WHAT YOU SHOULD DO: Copy the lines below, word for word, from the first through the line containing "Nebraska O-lineman Gunnar". Leave the pictures out.

DATA SHOWN:
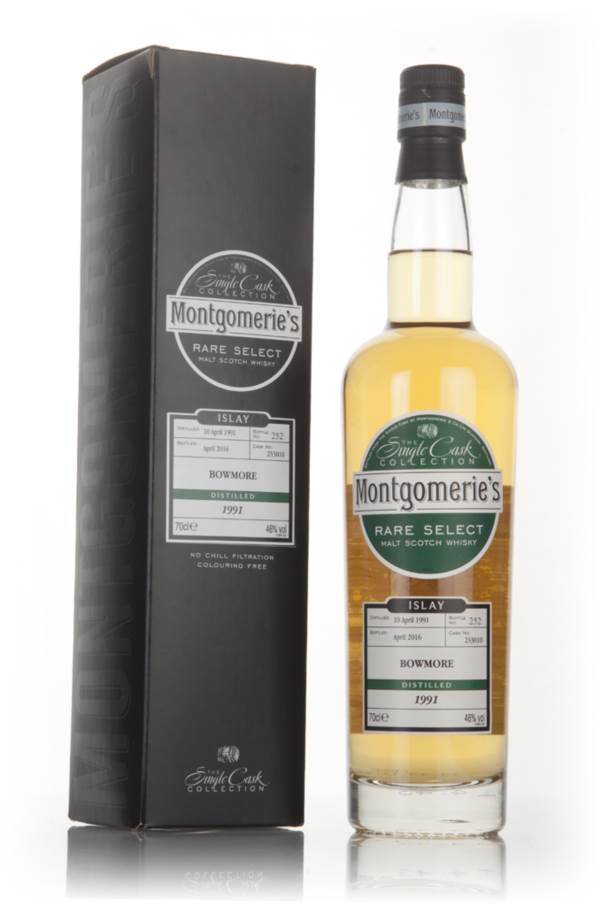 Bowmore 1991 (bottled 2016) (cask 253010) - Rare Select (Montgomerie's) product image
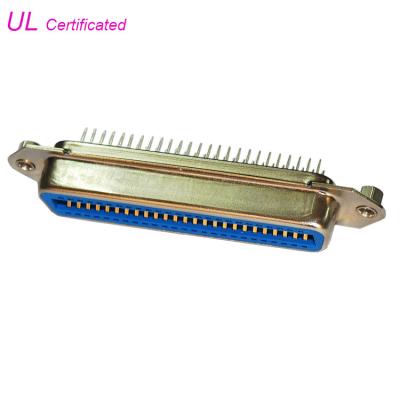 China Verticaal zet de Schakelaar 50pin 24pin 14pin van 36 Pin Centronic Stragiht Angle Female-PCB op Te koop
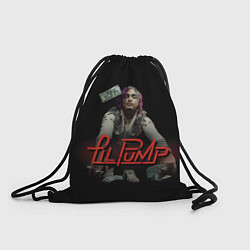 Рюкзак-мешок Lil Pump, цвет: 3D-принт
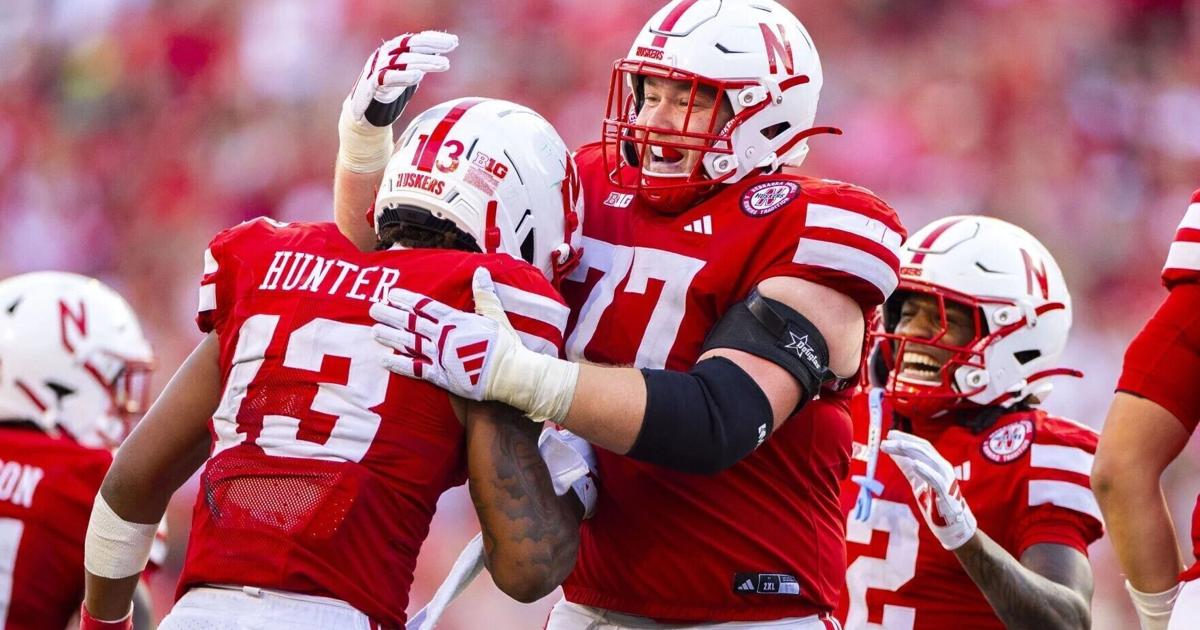 Nebraska O-lineman Gunnar Gottula 'full speed' amid camp push for starting job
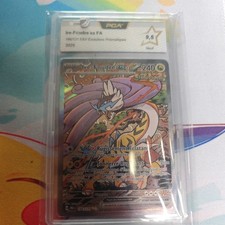 Carte Pokémon Ire-Foudre EX Alternative 166/131 Évolution Prismatique FR PCA 9.5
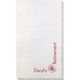 Corner Text with Welcome Aboard Design Bamboo Luxe Guest Towels Image 2 of 3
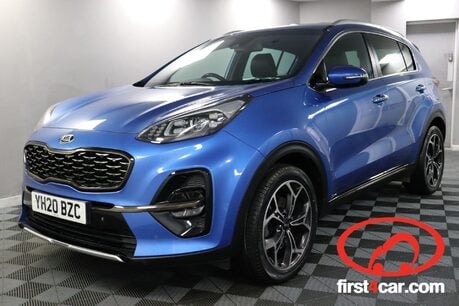 Kia Sportage GT-LINE ISG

EXERCISE RESPONSE:
 Bowmore 1991 (bottled 2016) (cask 253010) - Rare Select (Montgomerie's) product image
 China Verticaal zet de Schakelaar 50pin 24pin 14pin van 36 Pin Centronic Stragiht Angle Female-PCB op Te koop
 Рюкзак-мешок Lil Pump, цвет: 3D-принт
 Nebraska O-lineman Gunnar Gottula 'full speed' amid camp push for starting job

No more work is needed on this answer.